The short version
Pipelock is a Go proxy that scans both HTTP and MCP traffic. It covers DLP, prompt injection, SSRF, tool poisoning, rug-pull detection, and data budgets across all agent network activity.
Agent Wall is a TypeScript MCP gateway focused on tool call control. It includes chain-of-command visualization (which agent called which tool through which chain), a kill switch for stopping compromised agents, and a dashboard for monitoring MCP activity.
Pipelock is broader (HTTP + MCP). Agent Wall is more focused (MCP only) but has features Pipelock doesn’t, like the dashboard and chain-of-command visualization.
Feature comparison
| Feature | Pipelock | Agent Wall |
|---|---|---|
| Language | Go (single binary) | TypeScript |
| HTTP proxy | Yes (fetch + forward + WebSocket) | No |
| MCP proxy | Yes (stdio + Streamable HTTP + WebSocket) | Yes |
| DLP (credential scanning) | Yes, 46 patterns (URL + headers + body, encoding-aware) | Partial (14 secret + 5 PII patterns, response-side only) |
| Prompt injection detection | Yes (responses + MCP) | Yes (30+ patterns) |
| Tool poisoning detection | Yes | Yes |
| Rug-pull detection | Yes (fingerprint-based) | Not documented |
| SSRF protection | Yes | No |
| Chain-of-command tracking | No | Yes (nice feature) |
| Kill switch | Yes (4 independent sources) | Yes |
| Dashboard | No (metrics endpoint) | Yes (web UI) |
| Human-in-the-loop | Yes (terminal-based) | No |
| Data budgets | Yes (per-domain) | No |
| Preset configs | Yes (7 presets) | No |
| License | Apache 2.0 | MIT |
| Process sandbox | Yes (Linux + macOS alpha) | No |
| Flight recorder | Yes (hash-chained, tamper-evident) | No |
| Compliance evidence | Yes (OWASP, NIST, EU AI Act, SOC 2) | No |
| A2A protocol scanning | Yes | No |
| Canary tokens | Yes | No |
| Attack simulation | Yes (54 scenarios) | No |
| Denial-of-wallet detection | Yes | No |
| Maturity | 8,800+ tests | New (created Feb 2026) |
Where Agent Wall is better
Dashboard.

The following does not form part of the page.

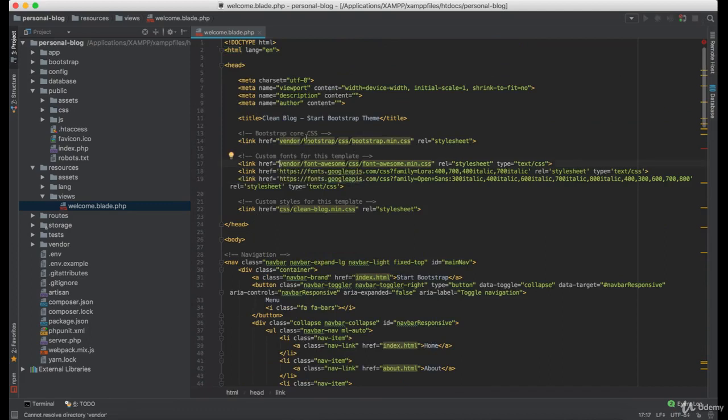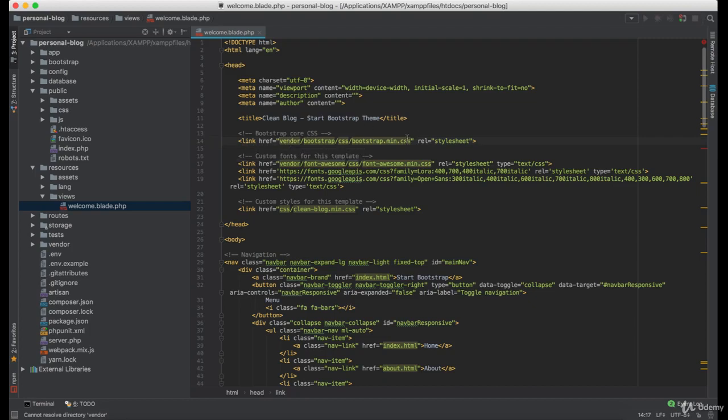Now make sure that you update the path to the CSS and JS files.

Agent Wall ships with a web UI that shows which tools are being called, by which agents, in what order. Pipelock exposes Prometheus metrics and a JSON stats endpoint, but doesn’t have a visual dashboard. If you need visibility into MCP activity without setting up Grafana, Agent Wall gives you that out of the box.

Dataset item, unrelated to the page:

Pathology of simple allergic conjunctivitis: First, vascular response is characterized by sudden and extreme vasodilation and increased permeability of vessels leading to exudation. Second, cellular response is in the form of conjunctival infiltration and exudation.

Chain-of-command visualization. In multi-agent setups, Agent Wall tracks which agent initiated a tool call chain. If Agent A calls Agent B which calls Tool C, you can see the full chain. Pipelock doesn’t track call chains across agents.
Kill switch. Both have kill switches. Agent Wall can shut down a compromised agent’s MCP access immediately. Pipelock has an OR-composed kill switch with four independent sources (config, API, SIGUSR1, sentinel file) — any one active blocks all traffic.
Where Pipelock is better
HTTP traffic coverage. Most agents don’t just call MCP tools. They fetch URLs, make API calls, and download content. Pipelock scans all of that. Agent Wall only covers MCP, so any HTTP-based credential leak or injection bypasses it entirely.
DLP depth. Both tools scan for secrets, but at different depths. Pipelock scans outbound URLs, headers, and request bodies for 46 credential patterns with base64, hex, and URL-encoding awareness. Agent Wall scans MCP responses for 14 secret patterns and 5 PII patterns. Pipelock also catches secrets in outbound requests (the exfiltration path), not just responses.
Prompt injection detection. Both tools detect injection patterns now. Pipelock scans HTTP responses and MCP tool outputs. Agent Wall scans MCP tool calls with 30+ injection patterns. Pipelock additionally scans fetched web content (HTTP responses), which Agent Wall can’t see since it doesn’t proxy HTTP.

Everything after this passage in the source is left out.